Norconex / committer-solr

Solr implementation of Norconex Committer. Should also work with any Solr-based products, such as LucidWorks.
https://opensource.norconex.com/committers/solr/
Apache License 2.0
3 stars 5 forks source link

Full recrawl and reindex in Solr #18

Open OkkeKlein opened 4 years ago

OkkeKlein commented 4 years ago

How would one go about doing a full recrawl of content (filesystemcrawler) and then only do a (hard) commit after all content has been indexed.

So basically do a fresh update on a live system.

essiembre commented 4 years ago

To perform a "clean" crawl (without sending only modifications, deletions, etc.) you simply have to delete your "workdir". More precisely, the crawlstore.
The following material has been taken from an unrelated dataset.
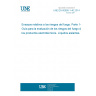 UNE EN 60695-1-40:2014 Fire hazard testing - Part 1-40: Guidance for assessing the fire hazard of electrotechnical products - Insulating liquids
To not commit until you are done, you can set the "solrCommitDisabled" option to "true" in your Solr committer section. This means the committer will never send a Solr "commit" request, thus relying on your Solr configuration to decide when to commit, or your manual commit.

OkkeKlein commented 4 years ago

Thank you!

OkkeKlein commented 4 years ago

How to deal with deleted docs? A manual delete all? Or maybe parameter send with Solr committer?

essiembre commented 4 years ago

A simple approach would be to add two fields in your collection. One that identifies the source crawler, the second that identifies the crawl date. In your config, you can use the ConstantTagger to populate the first one, and for the second, you can use the CurrentDateTagger.

With this, you can use the "delete by query" approach on Solr. You would issue a query that deletes anything older than the date of your full recrawl, for the given crawler.